“CARRY ME BACK”
Briefly, the project consists of releasing three life-size, light weight painted "Hitch Hiking" figures into public spaces on Manhattan. One of the figures will represent a Lenni Lenape Native American woman. This Iroquois tribe occupied "Manna Hatta" Island when the Europeans first arrived. The other two will be Saul Steinberg, visual artist, and Thelonius Monk, musician and composer. I have selected these individuals to honor them as symbols of aspects of the city. Each will have several destinations that celebrate their achievements. Also affixed to each Hitch Hiker's back will be instructions to its self-appointed Carriers for registering and recording their travels and qualifying for a possible monetary reward. The last destination for all is the Macy Gallery, Teachers College, Columbia University, 525 W. 120 St. in time of the reception of conference and a large exhibition of artist-made games. The Hitch Hikers will be released to the public a few weeks before the reception. Until they arrive at the gallery, their whereabouts will constantly be revealed via an embedded GPS tracker in each figure which generates markers in a map on a public web page. The idea being that interested persons will follow the itinerary and possibly meet it's current Carrier in order to transport it to one of the destinations. (The project is similar to a very successful one Jim Pallas did in San Jose for their Zero One Festival Zero in 2006.)
INTERACTIVE GAME PLAYS
WITH LIFE-SIZE PIECES ON THE STREETS OF NEW YORK
Soon, three New Yorkers from the distant and recent past will be returning to the streets of Manhattan to visit their old haunts in a new game called "CARRY ME BACK" designed by artist Jim Pallas.
Lenni Lenape, a woman of the Native American tribe that saw Giovanni da Verrazano sail along the coast in 1524, Saul Steinberg, who a drew "View of the World as Seen From 9th Avenue," and America's answer to Mozart, Thelonious Monk, are all board pieces in a game that will be played out in the streets of New York.
Columbia University asked Jim Pallas, a pioneer of electronic art, to design a game that would take the action out of the University’s Macy Gallery and onto the city's streets. The project is a part of Game Show NYC, an exhibit of artist-designed games.
Mr. Pallas came up with an ingenious plan for abandoning light-weight, life size plywood cut-out portraits of these historic figures in public places while motivating passers-by to pick them up and carry them to various destinations that would hold special meaning for each of the figures.
For instance, one of the six destinations that Thelonius Monk is expected to visit is his former residence on the west side. Mr. Steinberg will visit one of his inspirational monuments, the Statue of Liberty, and Ms. Lenape will spend some quiet time in Chelsea Park near the Lenape Edible Garden downtown.
What would motivate strangers to carry these artworks to these places, then leave them there for someone else to find and carry to another destination?

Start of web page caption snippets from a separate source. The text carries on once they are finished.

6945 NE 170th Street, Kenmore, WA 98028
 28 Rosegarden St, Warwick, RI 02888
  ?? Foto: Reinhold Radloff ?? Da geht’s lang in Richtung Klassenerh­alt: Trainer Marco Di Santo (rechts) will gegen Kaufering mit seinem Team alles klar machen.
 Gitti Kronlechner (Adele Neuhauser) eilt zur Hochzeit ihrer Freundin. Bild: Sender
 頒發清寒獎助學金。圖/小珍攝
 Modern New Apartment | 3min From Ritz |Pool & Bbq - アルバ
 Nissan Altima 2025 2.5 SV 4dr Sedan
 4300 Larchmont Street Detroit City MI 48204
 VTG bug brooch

Money. By doing so, they will qualify for a share in any profits earned from the individual artworks if and when it's sold.
How will people who want to participate in this peripatetic game find one of these artworks in the vastness of the city? Each is equipped with a tracker device that reveals its location on a map placed on a public web page (jpallas.com/carrymeback). On this page, anyone can watch the movement of the pieces as they are carried and left at one of their six destinations. Anyone can be a player/participant by going to the destination and carrying the piece to another designated destination.
"I know it sounds crazy," says Pallas, a seventy-year-old artist who has exhibited internationally. "It doesn't seem like it would work, but I've been making and abandoning these "hitch hikers "since 1981. In 2006, I set five of them out, heading for various destinations in the Silicon Valley. One was set out on the east coast at M.I.T. Four made it to their destinations in San Jose and are at the Tech Museum there. One went missing near a pig farm in Iowa."
Pallas says he creates these hitch hikers for the stories they generate. "People are encouraged to take them on little adventures. They have some fun and put them in amusing situations. Send me emails and photos which I post."
Monk, Steinberg and Lenni will be set out May 14, and their travels can be tracked on the web page. For more info contact Tamika Jackson at (810) 622 0106. [LINK: mailto:email@example.com]
The artworks of Jim Pallas are generally interactive, performing sculptures that depend on a combination of electronic logic and environmental stimulition produce behaviors of movement, sound, light, or other phenomena. He began creating responsive, content-laden kinetic sculpture in the l960's.His pieces utilize a wide variety of materials, include verbal and visual symbolism and often represent creatures or personages.
He has exhibited extensively and received wide recognition and numerous awards. His work has been selected for international awards and exhibitions in France, Austria, Canada, Mexico, and Japan.